As third-level undergraduates approach their end-of-year exams in just over a month, it is believed up to half the number who have not received grants are awaiting funding from awarding bodies in Cork.
USI president Peter Mannion said the situation highlights the urgency with which new Education Minister Mary Coughlan must move to advance the Student Support Bill, which has been waiting to get to committee stage in the Dáil for almost two years.
“I know the Government is looking at using the bill to introduce a simplified online application process, which would make a big difference in speeding things up.
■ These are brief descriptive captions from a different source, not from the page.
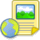 KABLOG for J2ME icon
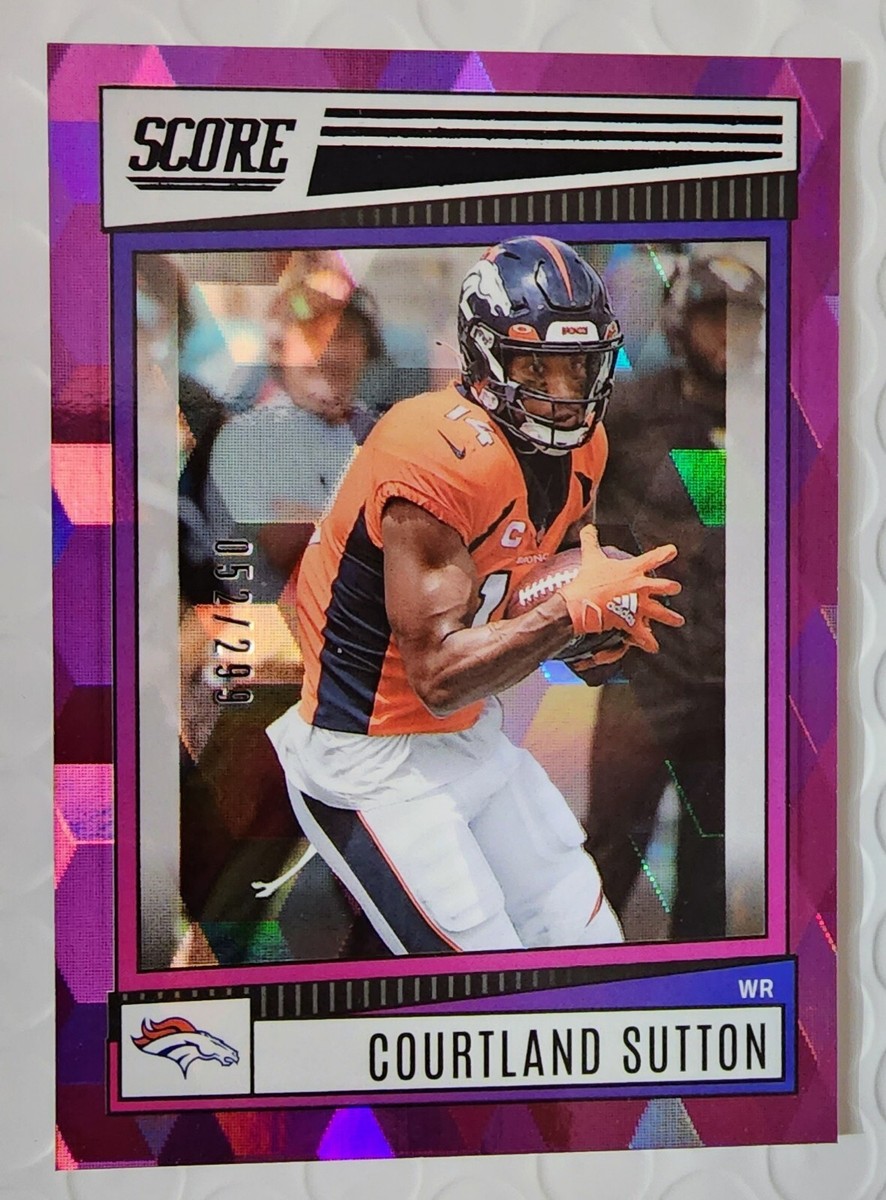 PANINI NFLカード SELECT PRIZM DREW LOCK DENVER BRONCOS 57/99 #244 送料無料 中古 IT1 楽天市場】【中古】 PANINI NFLカード SELECT PRIZM DREW LOCK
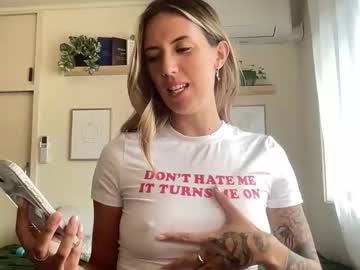 taylorslittlekingdom's chat room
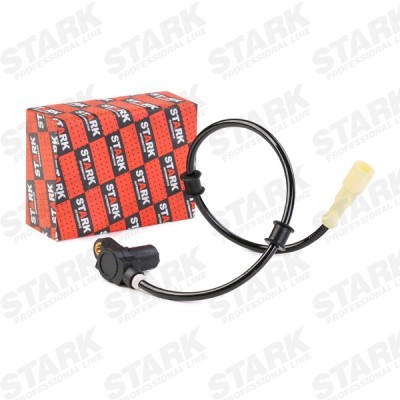 ABS Sensor Stark SKWSS-0350406 SKWSS-0350406 - photo 2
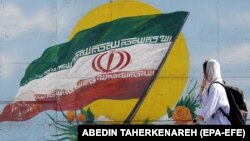 За словами речника судової влади, розслідування цих справ триває. Фото ілюстративне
But even if it was pushed through before the summer it is unlikely we would see the effects for the next college year,” he said.
“This is unacceptable when, as recently as last week, there were still around 1,660 students who had not yet received their maintenance grants.
“There are still a big number, possibly as many as 800 of them, in Cork,” Mr Mannion said.
More than 60,000 third-level students are expected to qualify for maintenance grants for the current academic year, up significantly on previous years, as a result of the rising numbers of families affected by unemployment or reduced wages and salaries.
The Student Support Bill, introduced by former education minister Mary Hanafin in February 2008, would hand the operation of all grants to Vocational Education Committees (VECs) which already handle around two-thirds of applications.
The proposed laws would also allow for the setting of timescales in which details of income thresholds for eligibility must be introduced each year, as well as streamlining the process with the aim of reducing delays for students.
The planned rationalisation of the 33 city and county VECs could also impinge on the smooth implementation of the new system if and when the legislation is passed.
Almost 250 delegates from more than 20 colleges on both sides of the border have gathered for the USI annual congress in Ballinasloe, Co Galway, where anger is also being expressed about mature students who receive the Back to Education Allowance (BTEA) no longer being eligible to receive maintenance grants.
“Many of those affected are students targeted for widening access to third level and it is also hitting some students moving from certain qualification levels to others,” Mr Mannion said.
The post of USI president will be decided in today’s election, contested by USI equality officer Linda Kelly from Ballyvolane in Cork, and University College Dublin Students’ Union president Gary Redmond from Arklow, Co Wicklow.